Source data Block Start
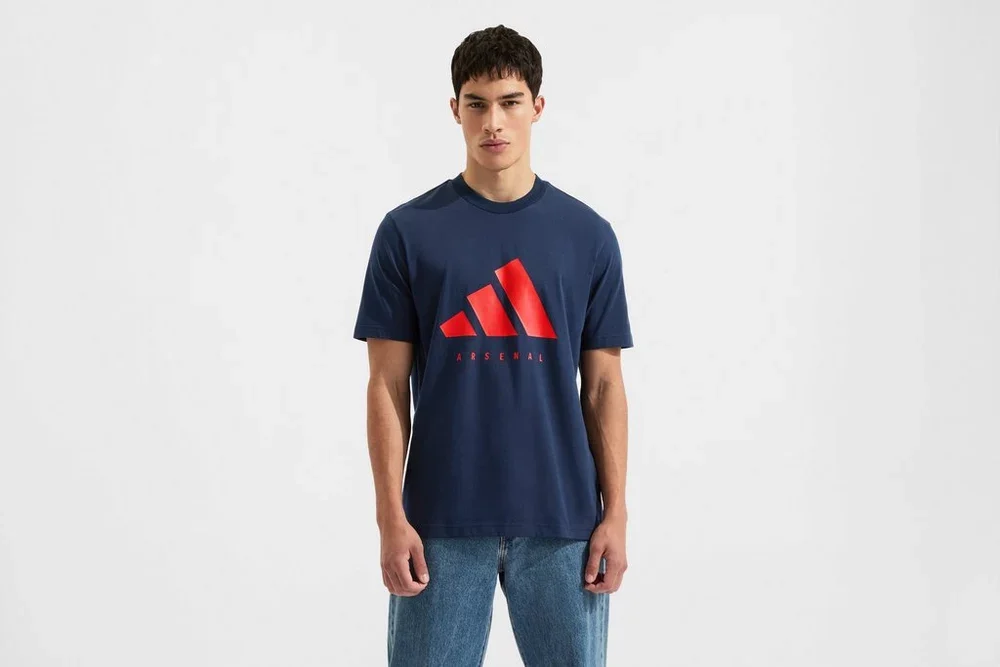Arsenal adidas 26/27 DNA Graphic T-Shirt - £28.00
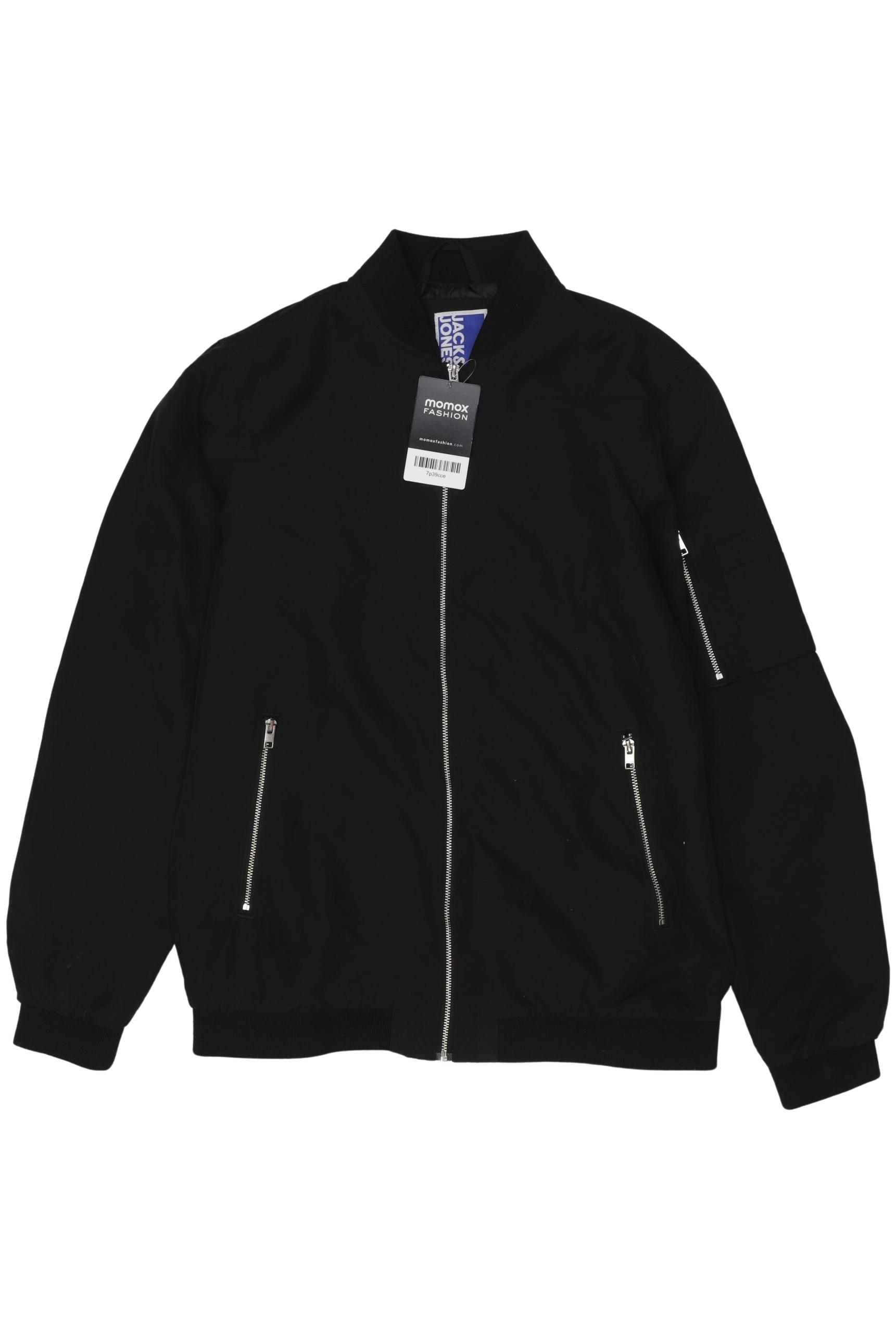 

Jack & Jones Jungen Jacke, schwarz, Gr. 164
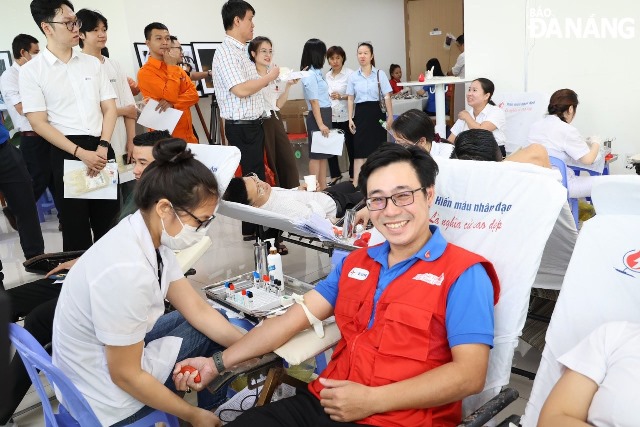 qua 8 lần EVNCPC tổ chức Tuần lễ hồng EVN, tổng số lượng máu được hiến tặng là hơn 13.000 đơn vị.
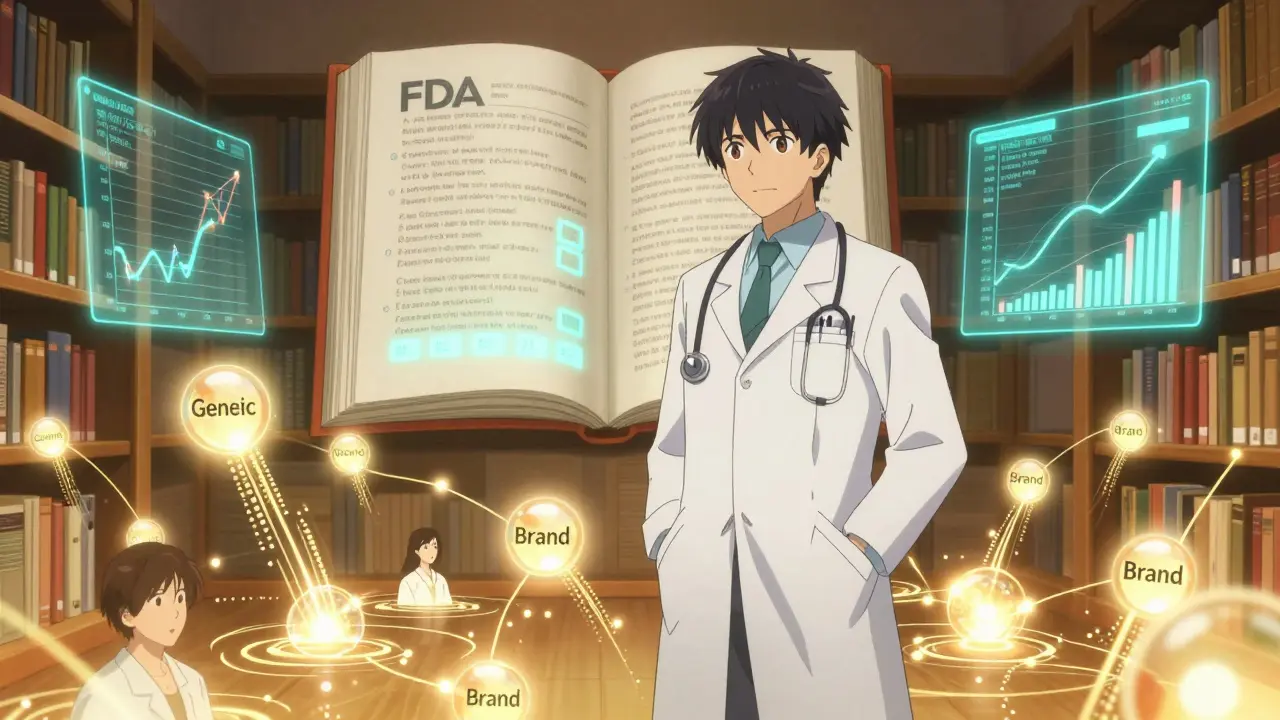 Continuing Education for Doctors: Staying Current on Generic Medications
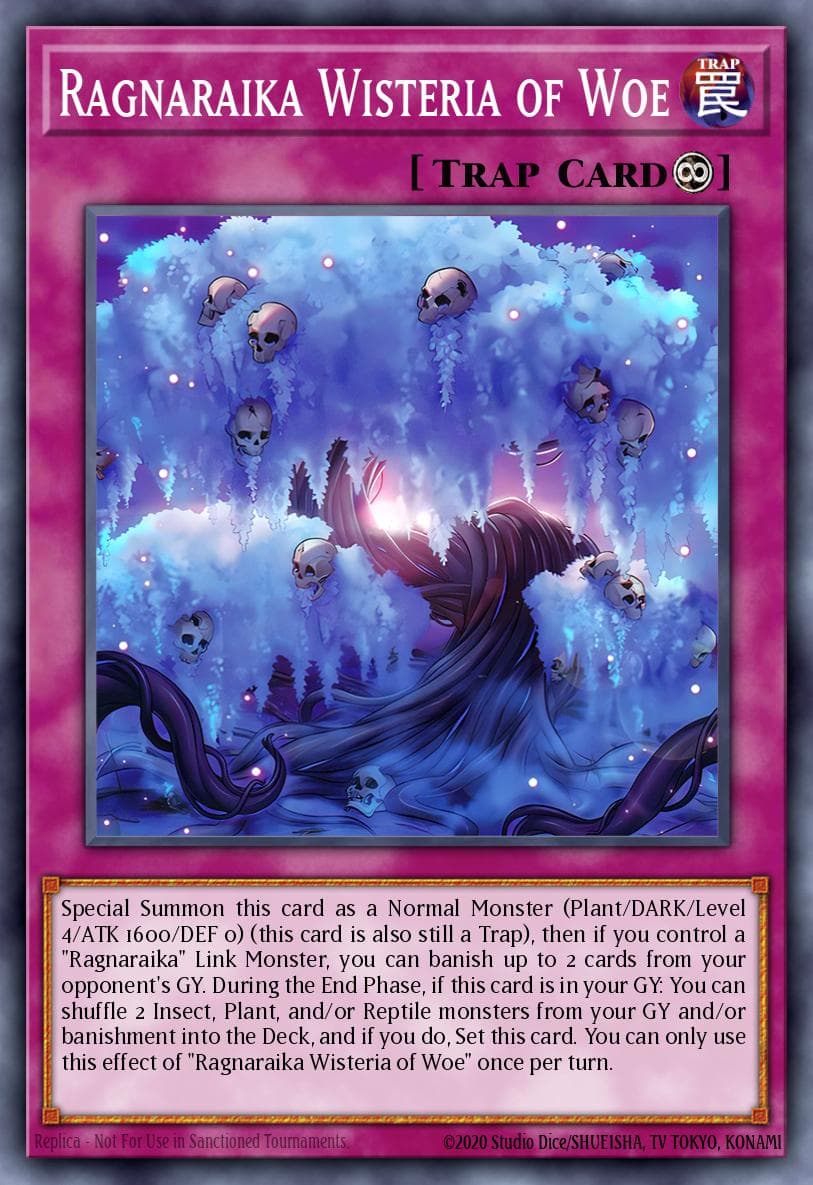 Ragnaraika Wisteria of Woe — artwork 2 of 2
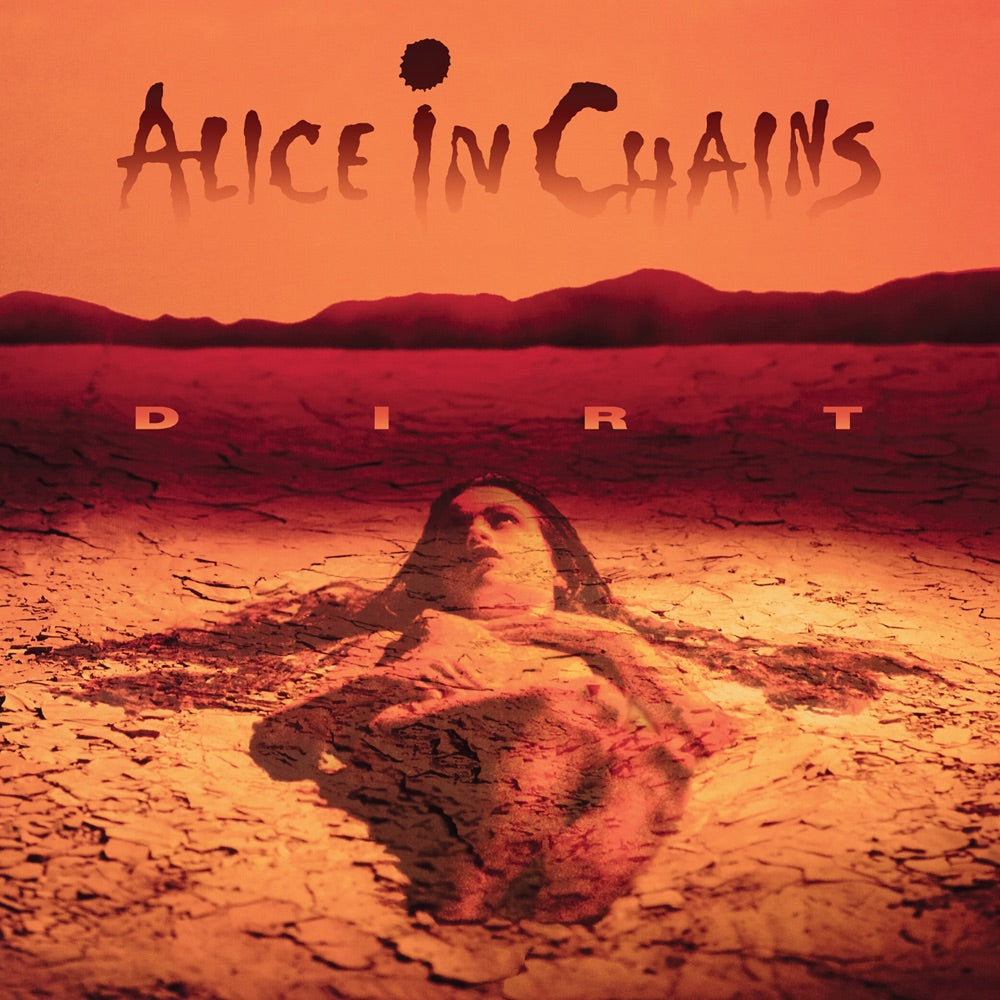 Alice in Chains Dirt CD cover art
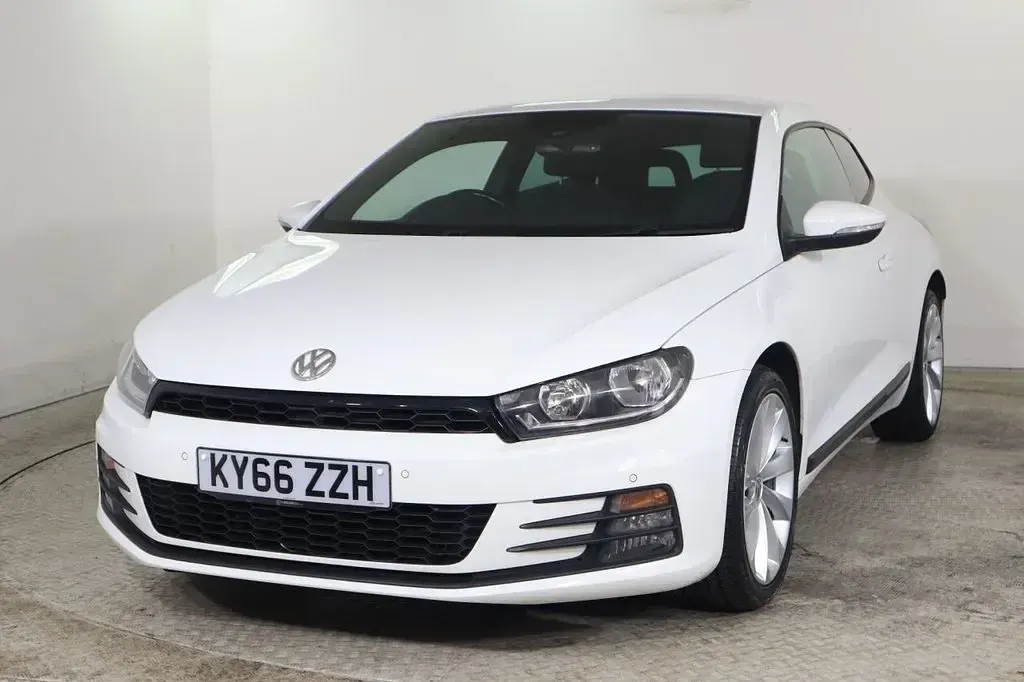Used VW Scirocco GT 184 HP (135 kW) 2016 White Coupe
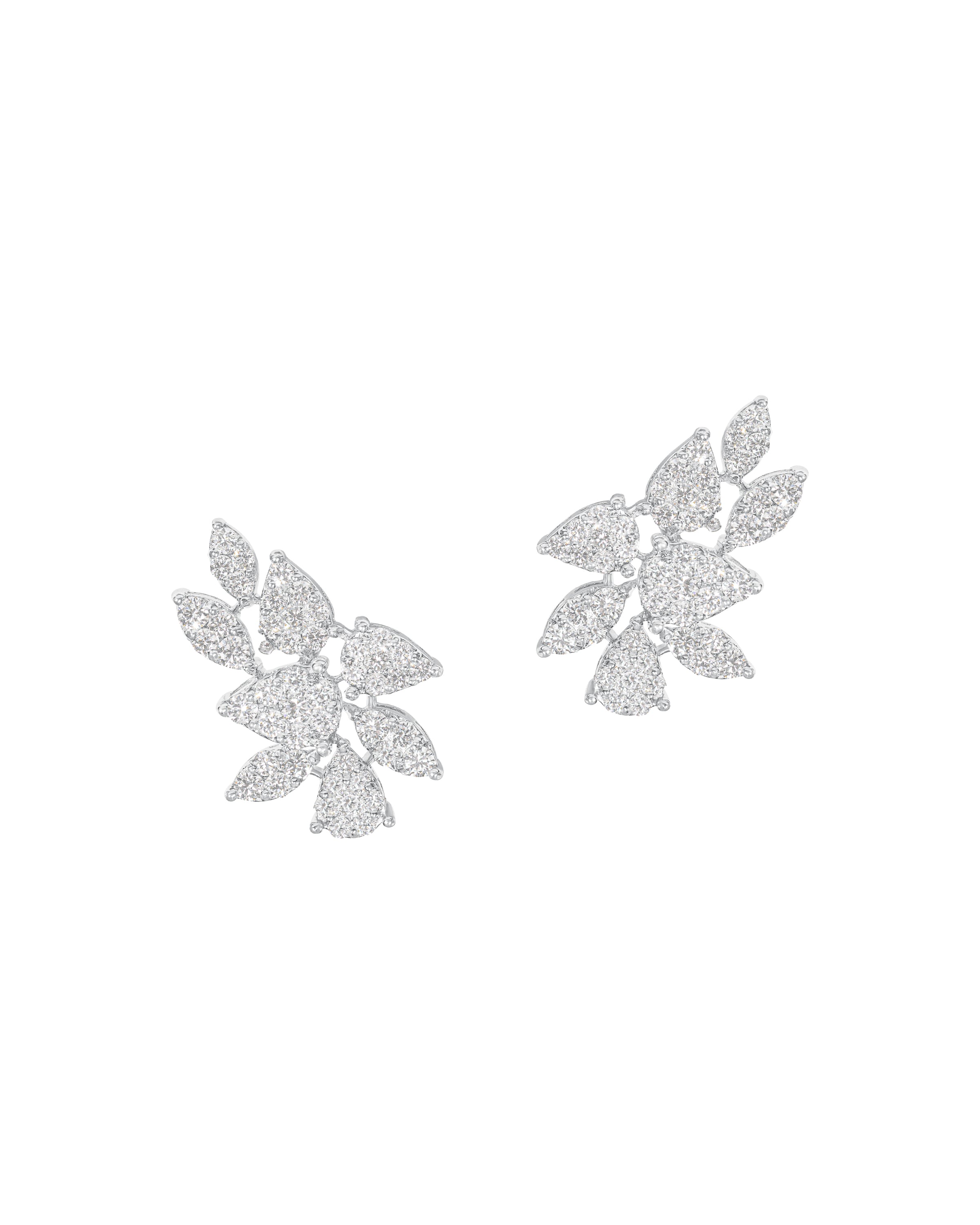 Twinkling Cluster Earrings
Source data Block End
All that should be printed is the lines from the one containing "Used VW Scirocco" through the last line of the material above, both ends included, exactly as they stand; please skip the pictures.

Exercise response
Used VW Scirocco GT 184 HP (135 kW) 2016 White Coupe
 Twinkling Cluster Earrings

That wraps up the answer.